Records from a data source:
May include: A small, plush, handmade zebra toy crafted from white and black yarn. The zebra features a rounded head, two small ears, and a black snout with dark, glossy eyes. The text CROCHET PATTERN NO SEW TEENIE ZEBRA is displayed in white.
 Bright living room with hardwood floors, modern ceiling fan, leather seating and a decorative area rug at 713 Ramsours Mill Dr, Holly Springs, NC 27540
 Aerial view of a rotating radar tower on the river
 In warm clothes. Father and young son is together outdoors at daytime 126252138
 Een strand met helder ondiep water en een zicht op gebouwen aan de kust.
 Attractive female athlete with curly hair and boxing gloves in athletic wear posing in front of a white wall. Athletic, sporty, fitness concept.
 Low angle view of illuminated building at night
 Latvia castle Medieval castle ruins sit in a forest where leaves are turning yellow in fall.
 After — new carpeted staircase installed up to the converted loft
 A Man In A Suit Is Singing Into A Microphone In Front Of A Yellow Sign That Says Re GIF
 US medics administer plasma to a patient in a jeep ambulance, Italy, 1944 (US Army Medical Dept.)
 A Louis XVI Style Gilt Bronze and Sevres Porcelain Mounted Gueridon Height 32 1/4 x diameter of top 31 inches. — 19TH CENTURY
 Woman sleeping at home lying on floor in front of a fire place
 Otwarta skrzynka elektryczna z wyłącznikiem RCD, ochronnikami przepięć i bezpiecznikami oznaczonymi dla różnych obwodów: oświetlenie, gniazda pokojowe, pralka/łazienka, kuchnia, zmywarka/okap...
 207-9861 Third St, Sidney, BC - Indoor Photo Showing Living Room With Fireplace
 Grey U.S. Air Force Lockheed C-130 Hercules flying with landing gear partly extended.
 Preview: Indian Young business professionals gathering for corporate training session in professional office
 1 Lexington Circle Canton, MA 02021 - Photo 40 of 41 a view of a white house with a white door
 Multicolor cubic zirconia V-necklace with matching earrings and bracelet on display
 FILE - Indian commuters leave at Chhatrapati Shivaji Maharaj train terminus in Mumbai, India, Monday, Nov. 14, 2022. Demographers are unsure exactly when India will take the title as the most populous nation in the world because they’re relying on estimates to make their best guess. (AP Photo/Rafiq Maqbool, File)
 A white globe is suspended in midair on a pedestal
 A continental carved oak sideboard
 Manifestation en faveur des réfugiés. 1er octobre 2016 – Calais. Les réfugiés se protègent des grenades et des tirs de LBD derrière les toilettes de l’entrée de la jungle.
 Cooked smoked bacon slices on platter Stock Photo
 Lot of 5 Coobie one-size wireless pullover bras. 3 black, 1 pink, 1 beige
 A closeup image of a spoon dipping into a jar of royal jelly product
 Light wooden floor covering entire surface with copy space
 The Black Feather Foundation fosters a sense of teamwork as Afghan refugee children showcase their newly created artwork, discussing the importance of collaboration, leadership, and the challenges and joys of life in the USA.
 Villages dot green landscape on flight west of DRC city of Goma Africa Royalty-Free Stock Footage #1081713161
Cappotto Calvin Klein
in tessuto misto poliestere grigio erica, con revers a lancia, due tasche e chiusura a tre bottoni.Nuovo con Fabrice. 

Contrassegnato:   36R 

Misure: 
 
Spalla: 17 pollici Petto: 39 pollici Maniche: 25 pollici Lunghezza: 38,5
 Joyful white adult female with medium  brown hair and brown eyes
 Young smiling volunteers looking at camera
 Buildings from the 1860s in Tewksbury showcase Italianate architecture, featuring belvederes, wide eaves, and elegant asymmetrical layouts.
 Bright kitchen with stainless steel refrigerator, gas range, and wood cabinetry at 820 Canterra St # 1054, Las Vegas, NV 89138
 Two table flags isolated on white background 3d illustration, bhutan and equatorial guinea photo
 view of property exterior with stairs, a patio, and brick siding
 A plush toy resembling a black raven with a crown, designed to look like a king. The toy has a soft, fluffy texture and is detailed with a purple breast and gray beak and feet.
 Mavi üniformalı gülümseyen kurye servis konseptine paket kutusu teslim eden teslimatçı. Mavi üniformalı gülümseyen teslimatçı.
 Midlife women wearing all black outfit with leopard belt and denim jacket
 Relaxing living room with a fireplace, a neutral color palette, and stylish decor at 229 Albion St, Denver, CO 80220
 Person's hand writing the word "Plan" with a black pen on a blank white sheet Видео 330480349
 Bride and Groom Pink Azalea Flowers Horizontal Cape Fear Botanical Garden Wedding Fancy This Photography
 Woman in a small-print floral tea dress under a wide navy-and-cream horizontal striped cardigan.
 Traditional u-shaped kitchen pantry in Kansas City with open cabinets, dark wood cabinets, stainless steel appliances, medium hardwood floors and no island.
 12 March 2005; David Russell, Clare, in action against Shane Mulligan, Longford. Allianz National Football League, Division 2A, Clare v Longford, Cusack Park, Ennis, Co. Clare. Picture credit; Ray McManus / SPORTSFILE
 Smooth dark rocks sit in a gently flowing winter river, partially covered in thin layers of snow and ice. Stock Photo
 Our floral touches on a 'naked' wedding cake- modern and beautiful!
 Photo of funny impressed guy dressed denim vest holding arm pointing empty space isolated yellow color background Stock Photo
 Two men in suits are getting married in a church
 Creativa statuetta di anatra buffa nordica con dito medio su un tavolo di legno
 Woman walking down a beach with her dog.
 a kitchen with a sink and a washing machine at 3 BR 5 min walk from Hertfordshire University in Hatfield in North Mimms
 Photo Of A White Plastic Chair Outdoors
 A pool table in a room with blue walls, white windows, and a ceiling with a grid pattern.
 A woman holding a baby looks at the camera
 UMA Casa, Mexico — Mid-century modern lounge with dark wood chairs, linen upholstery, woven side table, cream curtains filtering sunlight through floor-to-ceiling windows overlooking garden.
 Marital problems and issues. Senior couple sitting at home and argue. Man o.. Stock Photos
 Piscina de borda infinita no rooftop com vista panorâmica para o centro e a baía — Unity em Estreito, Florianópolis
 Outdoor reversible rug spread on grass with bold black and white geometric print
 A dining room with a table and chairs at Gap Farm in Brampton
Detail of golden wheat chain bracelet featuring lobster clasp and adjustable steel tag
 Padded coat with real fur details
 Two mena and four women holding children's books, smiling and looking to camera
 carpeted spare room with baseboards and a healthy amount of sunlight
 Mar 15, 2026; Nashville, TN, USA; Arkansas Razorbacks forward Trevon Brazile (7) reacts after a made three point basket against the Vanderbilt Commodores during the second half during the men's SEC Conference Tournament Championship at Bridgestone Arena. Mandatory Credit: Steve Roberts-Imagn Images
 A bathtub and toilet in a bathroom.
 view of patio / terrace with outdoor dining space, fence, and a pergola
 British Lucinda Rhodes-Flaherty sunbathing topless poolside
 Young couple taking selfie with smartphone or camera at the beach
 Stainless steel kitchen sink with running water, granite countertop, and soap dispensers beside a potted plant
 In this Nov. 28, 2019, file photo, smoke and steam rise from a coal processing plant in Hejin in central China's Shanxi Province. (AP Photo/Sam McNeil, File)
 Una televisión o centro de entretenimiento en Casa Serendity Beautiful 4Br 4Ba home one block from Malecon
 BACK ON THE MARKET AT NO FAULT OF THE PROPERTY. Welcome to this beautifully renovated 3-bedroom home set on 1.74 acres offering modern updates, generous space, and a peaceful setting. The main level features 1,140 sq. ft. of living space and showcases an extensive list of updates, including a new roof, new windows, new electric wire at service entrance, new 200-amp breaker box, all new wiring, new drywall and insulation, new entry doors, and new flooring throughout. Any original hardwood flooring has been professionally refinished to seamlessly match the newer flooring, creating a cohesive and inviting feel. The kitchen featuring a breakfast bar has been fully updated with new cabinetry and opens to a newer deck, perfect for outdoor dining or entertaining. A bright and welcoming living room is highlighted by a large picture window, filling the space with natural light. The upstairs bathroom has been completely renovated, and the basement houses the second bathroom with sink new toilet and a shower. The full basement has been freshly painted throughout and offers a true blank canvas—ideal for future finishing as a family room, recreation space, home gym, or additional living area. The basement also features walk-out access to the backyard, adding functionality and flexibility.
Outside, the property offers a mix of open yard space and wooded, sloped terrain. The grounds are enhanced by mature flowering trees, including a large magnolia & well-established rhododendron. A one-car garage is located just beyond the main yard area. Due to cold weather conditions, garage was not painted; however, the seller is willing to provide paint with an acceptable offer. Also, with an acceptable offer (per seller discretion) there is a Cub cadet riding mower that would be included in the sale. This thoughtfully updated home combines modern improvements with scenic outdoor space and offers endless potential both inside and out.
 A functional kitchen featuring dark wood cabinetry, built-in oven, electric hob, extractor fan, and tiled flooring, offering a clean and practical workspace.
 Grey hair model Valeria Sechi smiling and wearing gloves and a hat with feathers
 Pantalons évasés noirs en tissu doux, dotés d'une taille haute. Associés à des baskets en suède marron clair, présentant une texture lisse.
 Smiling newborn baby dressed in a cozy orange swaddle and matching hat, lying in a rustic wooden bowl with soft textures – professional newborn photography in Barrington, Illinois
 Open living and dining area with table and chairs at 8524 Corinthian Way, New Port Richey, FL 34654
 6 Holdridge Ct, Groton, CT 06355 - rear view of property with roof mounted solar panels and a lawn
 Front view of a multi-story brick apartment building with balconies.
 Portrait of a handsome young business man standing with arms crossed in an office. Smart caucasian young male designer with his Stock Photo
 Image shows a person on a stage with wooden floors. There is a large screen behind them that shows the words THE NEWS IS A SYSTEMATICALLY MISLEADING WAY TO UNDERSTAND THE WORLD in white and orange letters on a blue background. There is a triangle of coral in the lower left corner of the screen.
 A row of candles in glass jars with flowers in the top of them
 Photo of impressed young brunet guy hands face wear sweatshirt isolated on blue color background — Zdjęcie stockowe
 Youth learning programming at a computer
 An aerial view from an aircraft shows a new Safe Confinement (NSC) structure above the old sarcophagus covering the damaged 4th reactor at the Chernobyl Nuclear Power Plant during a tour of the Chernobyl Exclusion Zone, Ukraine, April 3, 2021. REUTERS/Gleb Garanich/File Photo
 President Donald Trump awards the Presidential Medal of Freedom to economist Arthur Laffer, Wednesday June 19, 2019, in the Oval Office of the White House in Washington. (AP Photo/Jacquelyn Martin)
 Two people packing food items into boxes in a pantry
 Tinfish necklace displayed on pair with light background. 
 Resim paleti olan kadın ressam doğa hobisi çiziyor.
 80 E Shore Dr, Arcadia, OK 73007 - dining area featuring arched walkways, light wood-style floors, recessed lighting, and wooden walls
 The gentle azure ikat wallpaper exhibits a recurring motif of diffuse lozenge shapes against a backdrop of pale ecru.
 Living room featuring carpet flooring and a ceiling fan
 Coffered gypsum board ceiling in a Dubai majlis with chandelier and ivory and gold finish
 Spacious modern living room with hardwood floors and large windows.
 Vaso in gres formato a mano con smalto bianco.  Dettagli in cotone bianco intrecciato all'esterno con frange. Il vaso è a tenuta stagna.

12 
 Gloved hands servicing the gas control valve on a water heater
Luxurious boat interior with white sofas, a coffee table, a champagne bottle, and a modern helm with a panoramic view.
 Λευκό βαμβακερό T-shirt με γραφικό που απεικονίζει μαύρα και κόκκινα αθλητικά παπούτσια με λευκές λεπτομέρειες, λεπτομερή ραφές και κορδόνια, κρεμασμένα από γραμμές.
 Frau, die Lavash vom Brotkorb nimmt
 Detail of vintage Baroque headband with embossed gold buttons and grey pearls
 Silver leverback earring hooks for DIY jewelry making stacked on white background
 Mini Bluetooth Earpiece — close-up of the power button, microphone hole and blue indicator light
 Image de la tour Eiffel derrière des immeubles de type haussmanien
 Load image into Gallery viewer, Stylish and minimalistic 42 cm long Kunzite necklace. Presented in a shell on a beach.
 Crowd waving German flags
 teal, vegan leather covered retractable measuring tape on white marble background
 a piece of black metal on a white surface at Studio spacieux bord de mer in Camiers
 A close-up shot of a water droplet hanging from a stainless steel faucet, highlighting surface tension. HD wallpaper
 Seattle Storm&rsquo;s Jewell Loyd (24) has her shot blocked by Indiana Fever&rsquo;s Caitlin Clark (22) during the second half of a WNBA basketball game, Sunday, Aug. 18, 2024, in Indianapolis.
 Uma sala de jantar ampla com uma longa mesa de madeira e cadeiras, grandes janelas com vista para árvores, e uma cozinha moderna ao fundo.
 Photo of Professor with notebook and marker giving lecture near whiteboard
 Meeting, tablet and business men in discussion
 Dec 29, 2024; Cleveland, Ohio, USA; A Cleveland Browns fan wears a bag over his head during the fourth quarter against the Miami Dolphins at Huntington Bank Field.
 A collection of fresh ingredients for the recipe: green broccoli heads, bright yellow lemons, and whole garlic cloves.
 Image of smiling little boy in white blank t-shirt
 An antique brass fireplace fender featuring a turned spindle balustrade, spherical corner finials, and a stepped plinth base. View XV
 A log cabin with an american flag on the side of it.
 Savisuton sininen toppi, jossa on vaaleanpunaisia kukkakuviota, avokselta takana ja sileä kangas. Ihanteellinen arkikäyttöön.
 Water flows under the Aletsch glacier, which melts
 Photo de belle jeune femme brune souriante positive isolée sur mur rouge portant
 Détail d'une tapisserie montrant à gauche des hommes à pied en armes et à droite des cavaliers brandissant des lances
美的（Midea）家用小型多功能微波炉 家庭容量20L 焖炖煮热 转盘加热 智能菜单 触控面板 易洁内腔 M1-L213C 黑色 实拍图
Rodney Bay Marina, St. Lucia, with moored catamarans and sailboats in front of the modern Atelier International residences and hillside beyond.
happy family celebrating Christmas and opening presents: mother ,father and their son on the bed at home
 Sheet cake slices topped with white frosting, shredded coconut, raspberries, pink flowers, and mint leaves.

§ **TASK GOAL**
Your task for the entries above: copy exactly the span starting with the line with "US medics administer" and going on through the line with "A continental carved oak sideboard", both lines included, and nothing else.

§ **FINAL ANSWER**
 US medics administer plasma to a patient in a jeep ambulance, Italy, 1944 (US Army Medical Dept.)
 A Louis XVI Style Gilt Bronze and Sevres Porcelain Mounted Gueridon Height 32 1/4 x diameter of top 31 inches. — 19TH CENTURY
 Woman sleeping at home lying on floor in front of a fire place
 Otwarta skrzynka elektryczna z wyłącznikiem RCD, ochronnikami przepięć i bezpiecznikami oznaczonymi dla różnych obwodów: oświetlenie, gniazda pokojowe, pralka/łazienka, kuchnia, zmywarka/okap...
 207-9861 Third St, Sidney, BC - Indoor Photo Showing Living Room With Fireplace
 Grey U.S. Air Force Lockheed C-130 Hercules flying with landing gear partly extended.
 Preview: Indian Young business professionals gathering for corporate training session in professional office
 1 Lexington Circle Canton, MA 02021 - Photo 40 of 41 a view of a white house with a white door
 Multicolor cubic zirconia V-necklace with matching earrings and bracelet on display
 FILE - Indian commuters leave at Chhatrapati Shivaji Maharaj train terminus in Mumbai, India, Monday, Nov. 14, 2022. Demographers are unsure exactly when India will take the title as the most populous nation in the world because they’re relying on estimates to make their best guess. (AP Photo/Rafiq Maqbool, File)
 A white globe is suspended in midair on a pedestal
 A continental carved oak sideboard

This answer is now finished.